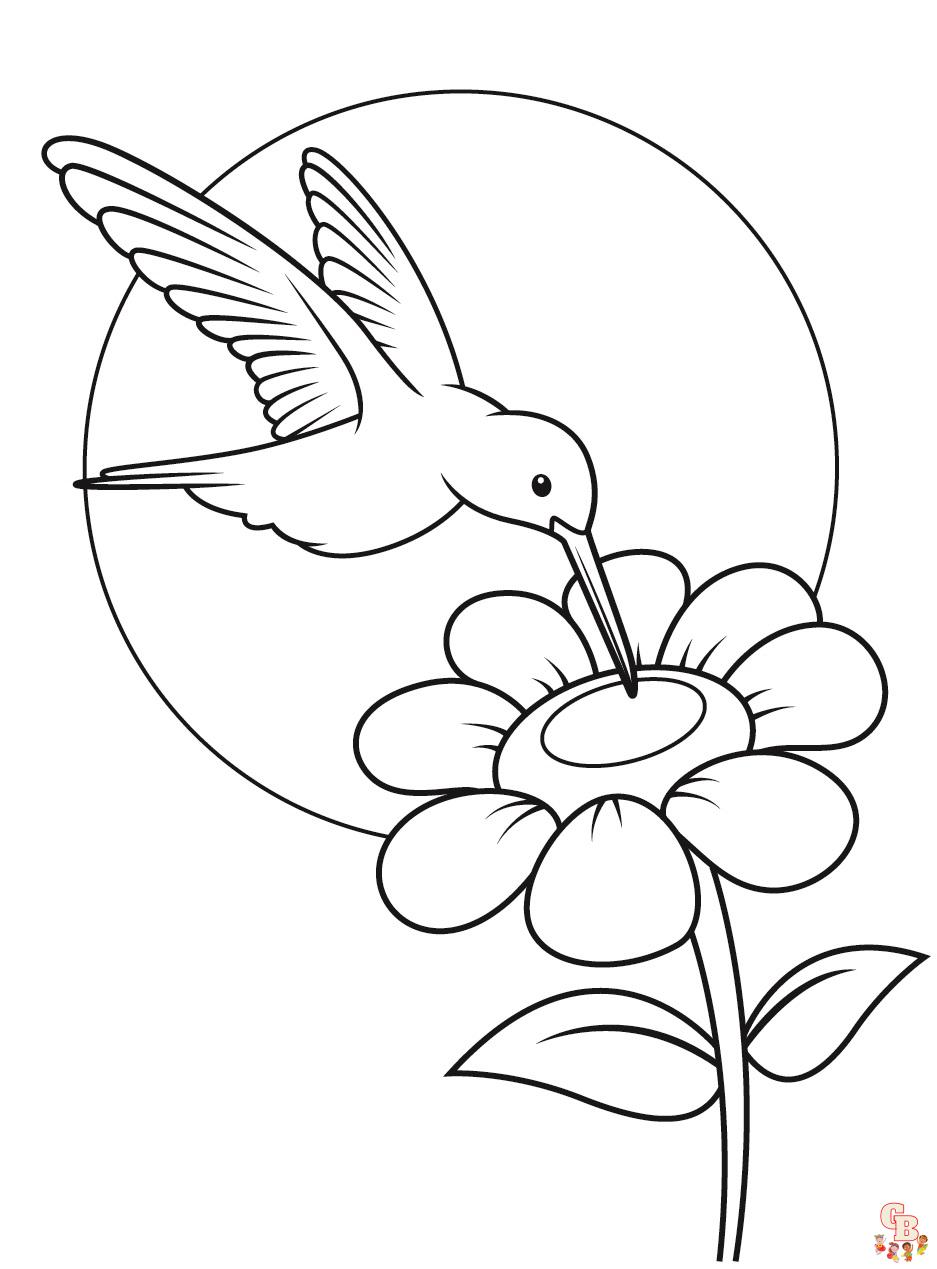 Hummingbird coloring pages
________________________________________
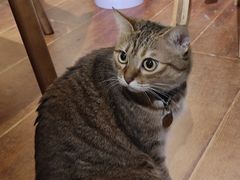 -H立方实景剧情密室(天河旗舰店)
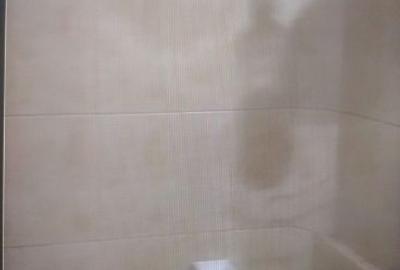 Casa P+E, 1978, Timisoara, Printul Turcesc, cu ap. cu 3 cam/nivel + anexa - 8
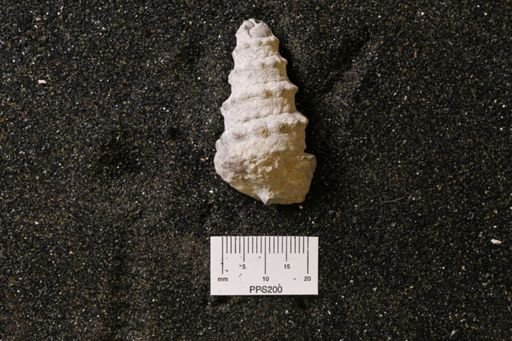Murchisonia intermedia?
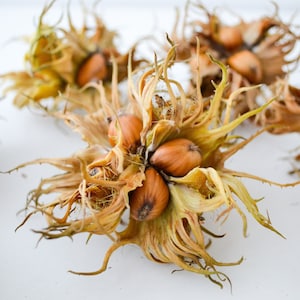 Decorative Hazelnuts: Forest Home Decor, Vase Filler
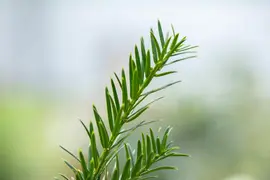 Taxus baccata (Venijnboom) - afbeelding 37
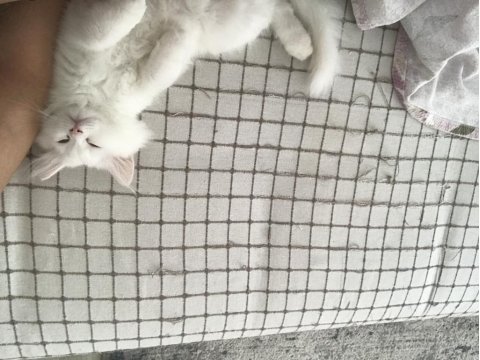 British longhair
________________________________________
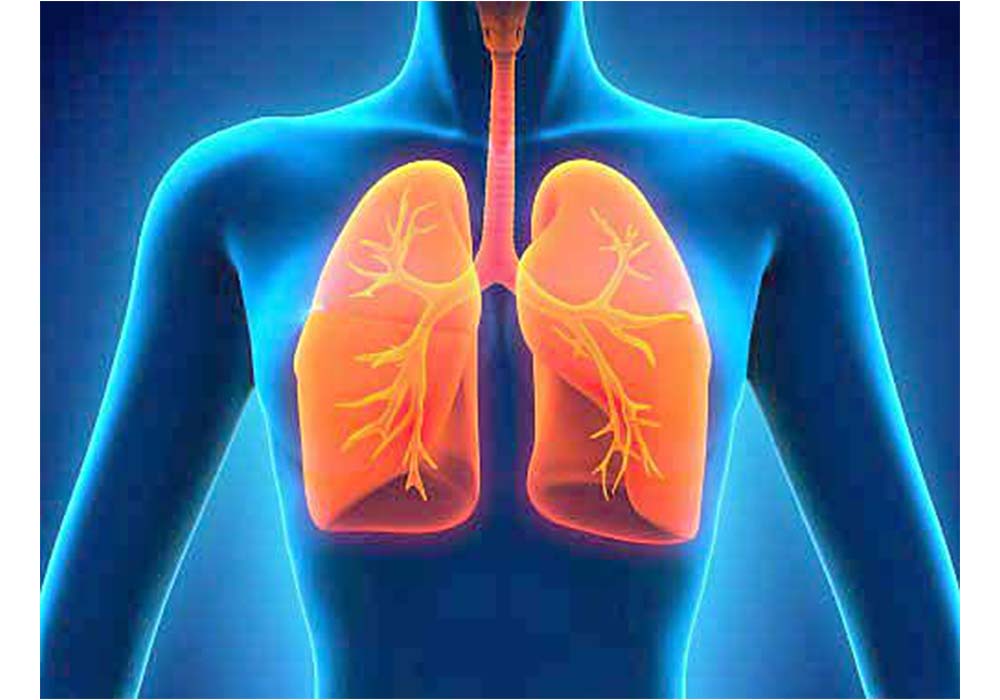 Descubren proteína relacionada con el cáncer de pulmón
________________________________________
→ **WHAT TO PRODUCE**: Set down exactly the lines above, from the line containing "-H立方实景剧情密室(天河旗舰店)" through the line containing "British longhair". Skip the pictures.

→ **SOLUTION FOR THIS TASK**:
 -H立方实景剧情密室(天河旗舰店)
 Casa P+E, 1978, Timisoara, Printul Turcesc, cu ap. cu 3 cam/nivel + anexa - 8
Murchisonia intermedia?
 Decorative Hazelnuts: Forest Home Decor, Vase Filler
 Taxus baccata (Venijnboom) - afbeelding 37
 British longhair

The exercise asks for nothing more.